Temperature-dependent transitions between normal and inverse equilibrium isotope effects for coordination and oxidative addition of C-H and H-H bonds to a transition metal center.

Abstract

The temperature dependence of the equilibrium isotope effects (EIEs) for coordination and oxidative addition of C-H and H-H bonds to the tungstenocene species {[H2Si(C5H4)2]W} has been determined with the aid of DFT (B3LYP) calculations. The EIE for coordination of CH4 and CD4 does not exhibit typical van't Hoff type behavior in which there is a monotonic variation of EIE with temperature; rather, the temperature dependence of the EIE exhibits a maximum, with inverse values (<1) at low temperature and normal values (>1) at high temperatures.
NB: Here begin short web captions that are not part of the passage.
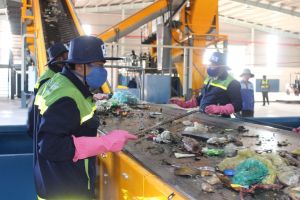 Encourage the recycling and reuse of daily-life solid waste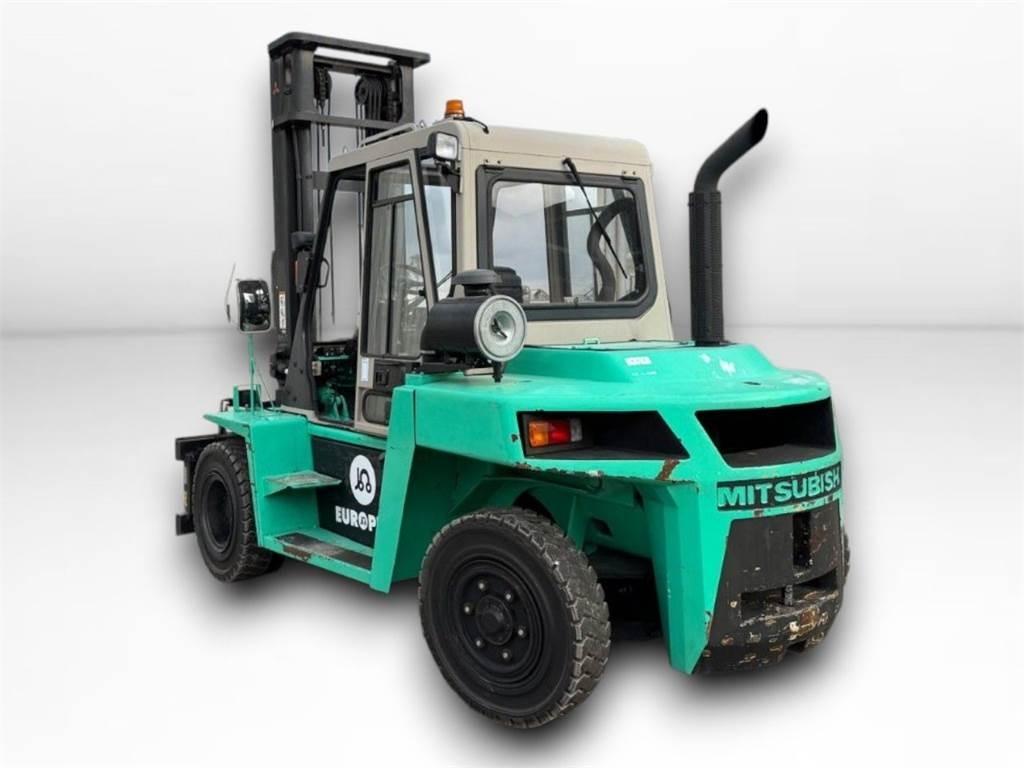 Mitsubishi FD70T Dyzeliniai krautuvai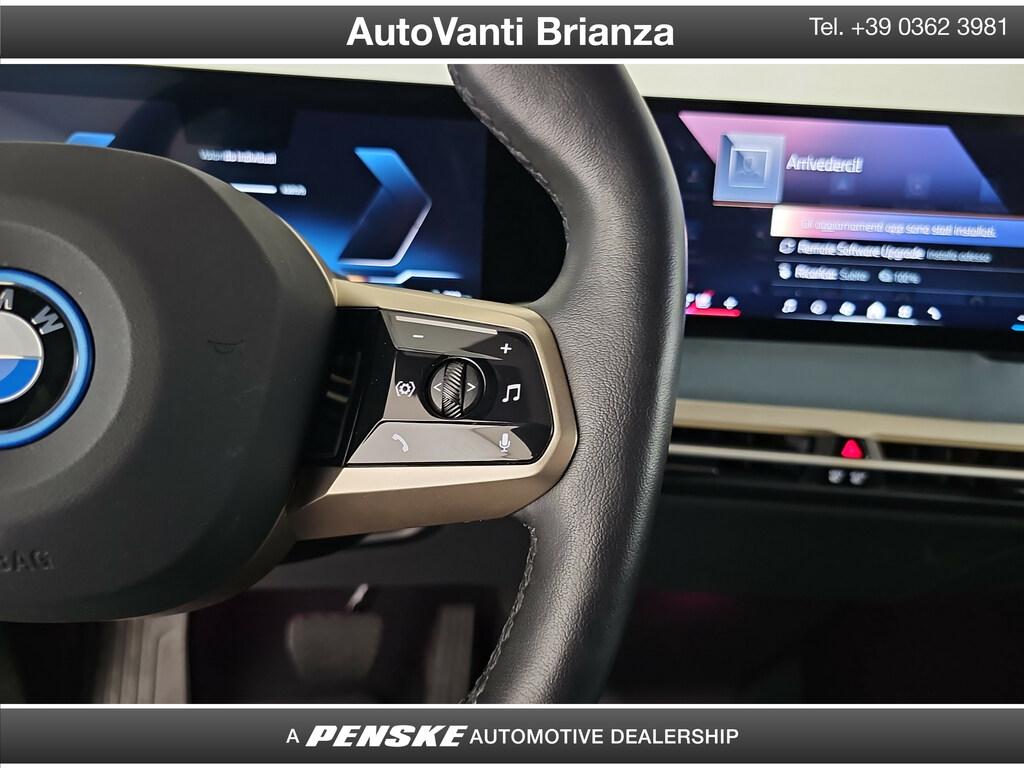 BMW iX xdrive50 pacchetto sportivo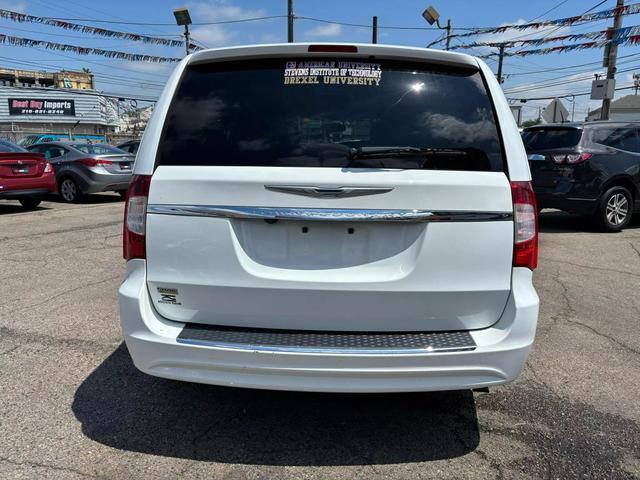 used 2016 Chrysler Town & Country car, priced at $8,995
The temperature dependence of the EIE for oxidative addition of CH4 and CD4 differs significantly from that for coordination, with the EIE being normal at all temperatures and approaching infinity at 0 K. In contrast to oxidative addition of methane which is normal at all temperatures, the EIE for oxidative addition of H2 and D2 exhibits a transition from inverse to normal upon raising the temperature. The existence of inverse EIEs in these systems at low temperatures is a result of the zero point energy changes for the products upon isotopic substitution being greater than those for the reactants (H2 or CH4).